De esta forma pensaban Marta y María, hermanas de Lázaro cuando en el evangelio se relata que, estando su hermano enfermo, llamaron a Jesús esperando que lo sanara.
Marta y María son las dos caras opuestas de la misma moneda: María es contemplativa, Marta es práctica. María vive hacia adentro, Marta hacia fuera. Pero ambas llaman a Jesús, porque tienen puesta en él su esperanza.
Pero cuando Jesús, que se ha retardado conscientemente, llega cuatro días después de la muerte de Lázaro, ambas coinciden en un reproche: “Si hubieras estado aquí no habría muerto mi hermano”
Para ellas “Mientras hay vida, hay esperanza”. Sin embargo Jesús les demostró que más allá de la vida puede haber esperanza.
Más adelante, ya frente a la cruz, vuelve a ponerse en evidencia esta limitación en los discípulos de Jesús. Cuando la cabeza del Maestro cae inerte sobre su pecho, los discípulos pierden toda esperanza.
Así lo expresa María Magdalena frente al Sepulcro cuando interroga a quien cree que es el cuidador del huerto diciendo:
– Señor, si usted se lo ha llevado, dígame dónde lo ha puesto, para que yo vaya a buscarlo. Juan 20,15 VP
Para ella “Mientras hay vida, hay esperanza”. Jesús tuvo que demostrarle que estaba equivocada.
Lo mismo sucede a los dos que van por el camino a Emaús, que expresan su frustración diciendo:
Pero nosotros esperábamos que él era el que había de redimir a Israel; y ahora, además de todo esto, hoy es ya el tercer día que esto ha acontecido. Lucas 24,21
Ellos también creían que “Mientras hay vida, hay esperanza” y necesitaban ser desmentidos por Jesús.
También Tomás está sumergido en el pozo de la desesperanza, cuando expresa en su incredulidad:
—Si no veo en sus manos las heridas de los clavos, y si no meto mi dedo en ellas y mi mano en su costado, no lo podré creer. Juan 20,25 VP
Él también tiene la limitación de creer que “Mientras hay vida, hay esperanza” y necesita ser confrontado con la trascendencia de la vida que hay en Jesucristo.

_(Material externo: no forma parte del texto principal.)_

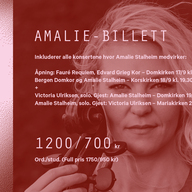Event image Amalie-billett – Bergen kirkeautunnale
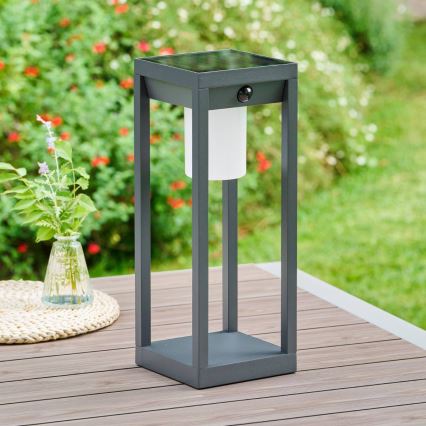 Hesperide - LED solarna lampa sa senzorom pokreta PIKY LED/3,7V 2600 mAh 40 cm IP65 antracit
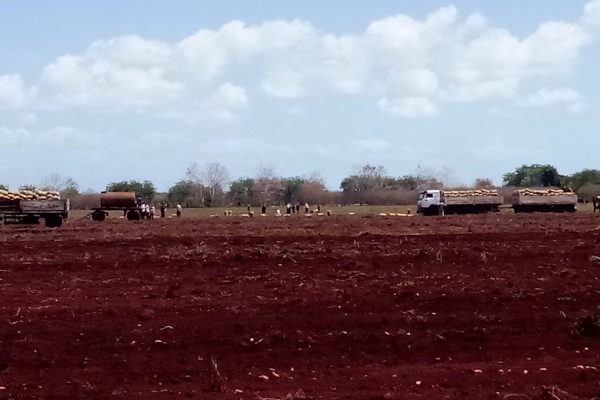 Transcurre cosecha de papa en municipio camagüeyano (+ Fotos)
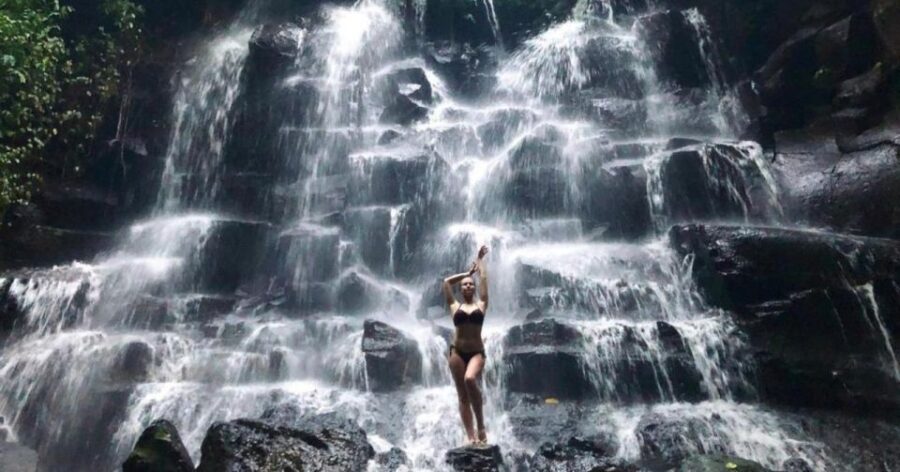 Ubud: Waterfalls, Temple and Rice Terrace Day Trip - Tour Overview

Todos ellos colocaron un límite a la esperanza que estaba más acá del infierno de Dante, y todos ellos tuvieron que enfrentar la realidad de que la esperanza cristiana, reflejada en las páginas de la Biblia, no es una esperanza superficial y terrena, sino profunda y eterna.
San Pablo se negaba a aquello de “Mientras hay vida hay esperanza” y decía escribiendo a los cristianos de Corinto:
Si nuestra esperanza es que Cristo nos ayude solamente en esta vida, no hay nadie más digno de lástima que nosotros. 1 Corintios 15,19 LS
Palabras que tendrían que tener presente muchos mercachifles de la fe, que en sus prédicas reducen esta esperanza a los límites de la temporalidad, sin darse cuenta que si bien esto puede ser un buen negocio, están blasfemando contra la fe trascendente del evangelio.
La fe cristiana trasciende la vida, se extiende hacia el más allá, llega hasta los límites que el Dante le puso: las puertas mismas del infierno. Va más allá de lo que dice el saber popular: “Mientras hay vida hay esperanza”
Pero tal vez tenga que rectificar lo que acabo de decir. Tal vez “Mientras hay vida, hay esperanza” no sea una sentencia limitada.
Jesucristo dijo:
Yo soy el camino la verdad y la vida.
Más adelante añadió:
“El ladrón viene solamente para robar, matar y destruir; pero yo he venido para que tengan vida, y para que la tengan en abundancia.” Juan 10,10 VP
Jesucristo es Vida con mayúsculas. La esperanza trascendente está puesta en él. El vive eternamente.
Por eso podemos hoy, si escribimos Vida con mayúscula afirmar: “Mientras hay Vida, hay esperanza”
Que será otra forma de expresar que Cristo vive y porque Cristo vive, nosotros, los mortales podemos seguir teniendo esperanza.